This is such a strong image made stronger by Hazard’s mastery of colour and shading, creating an almost iridescent effect. A beautiful and emotionally charged piece. There is a rather nice little cameo appearance by Smak whose ‘no justice, no peace’ writing edges the top of the fist. So good to see this as part of this collaboration.
Clearly, this piece is more about the subject than it is about the artist, however as a chronicler of street art in Bristol I reserve the right to acknowledge and praise the artist Hazard for painting such a poignant and striking piece for #blacklivesmatter.
This is yet another wonderful and uniquely Bristolian piece from this brilliant artist.

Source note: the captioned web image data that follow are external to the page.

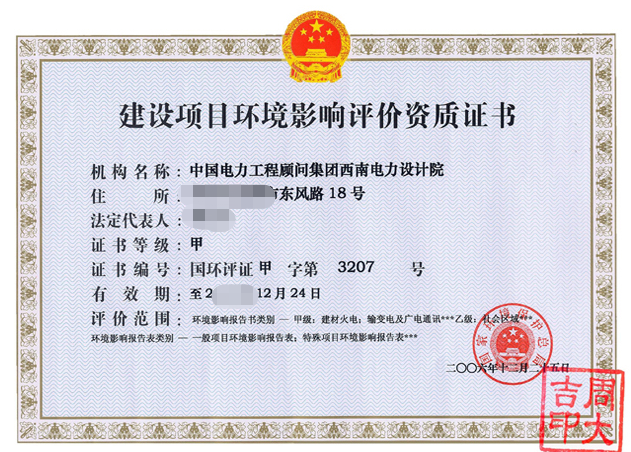 海南建设项目环境影响文件审批代办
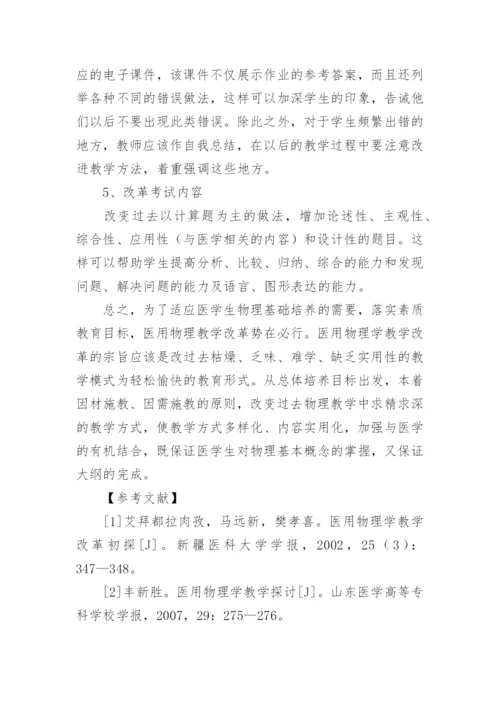 浅谈医用物理学教学的改革论文.docx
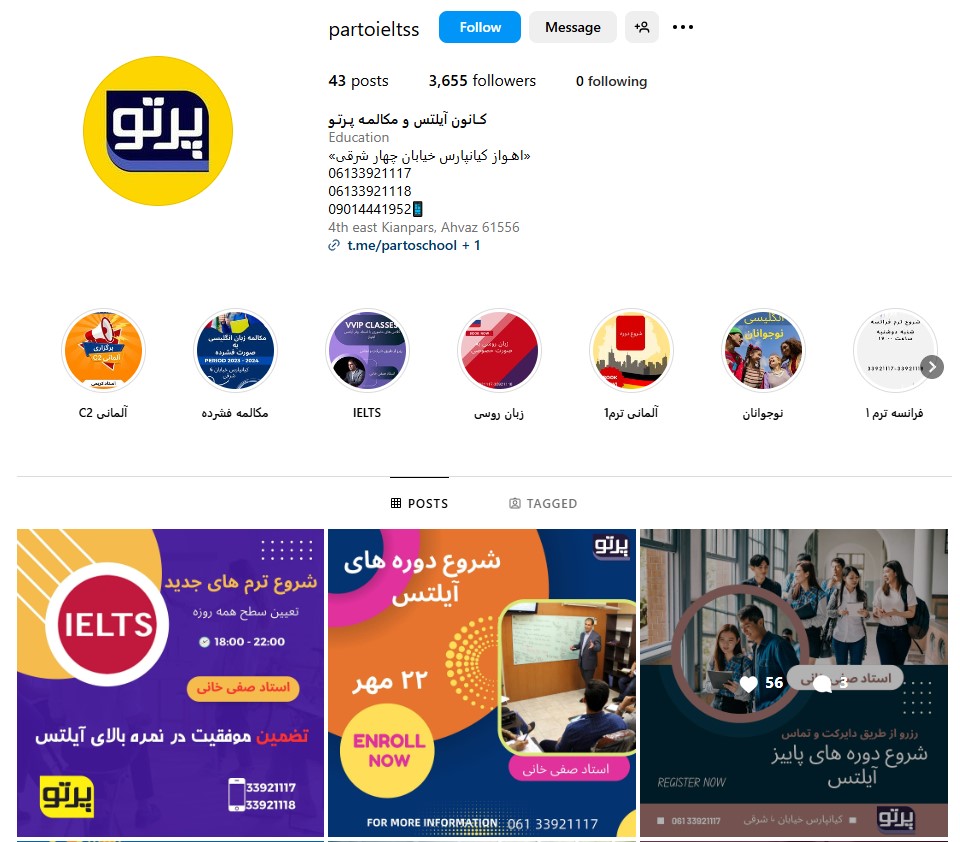 لیست بهترین آموزشگاه زبان در اهواز ☎️ + آدرس⭐【آپدیت1404】✅ 4 کــانون آیلتس و مکالمـه پـرتـو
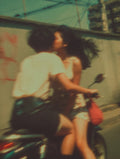 Drive 26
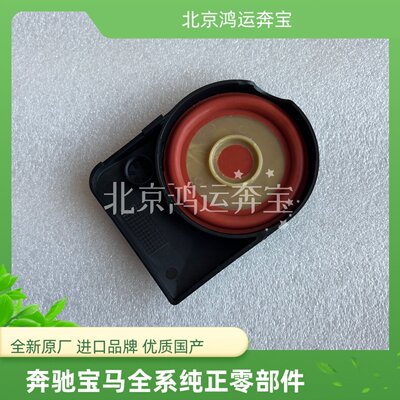 适用宝马MINI迷你N18 R55 R60 R58 R56 R57 R61R59气门室盖废气阀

How lucky to have had two new pieces from her in recent weeks.
Of course, the Bristol BLM demonstration has hit the headlines at the weekend for the pulling down and throwing into the floating harbour of a statue commemorating Edward Colston, a Bristol slave trader. This lawless act has caused consternation at the highest levels of government, but I have to say it was completely understandable and rather predictable. The Bristol constabulary were amazing in the way they dealt with the demonstration and prevented anything flaring up by keeping a light touch approach to policing. One really has to ask what a statue commemorating Colston was doing in the centre of town in this day and age in the first place.
Without denying our history (a dangerous avenue) perhaps it is time to have a review of our commemorative monuments in today’s context and to mothball or place into historical museums statues that are inappropriate today.
Ah what joy, a fabulous new piece from Hazard in the middle of St Paul’s. I understand the piece has been painted in lieu of the St Paul’s carnival, which of course won’t be happening this year.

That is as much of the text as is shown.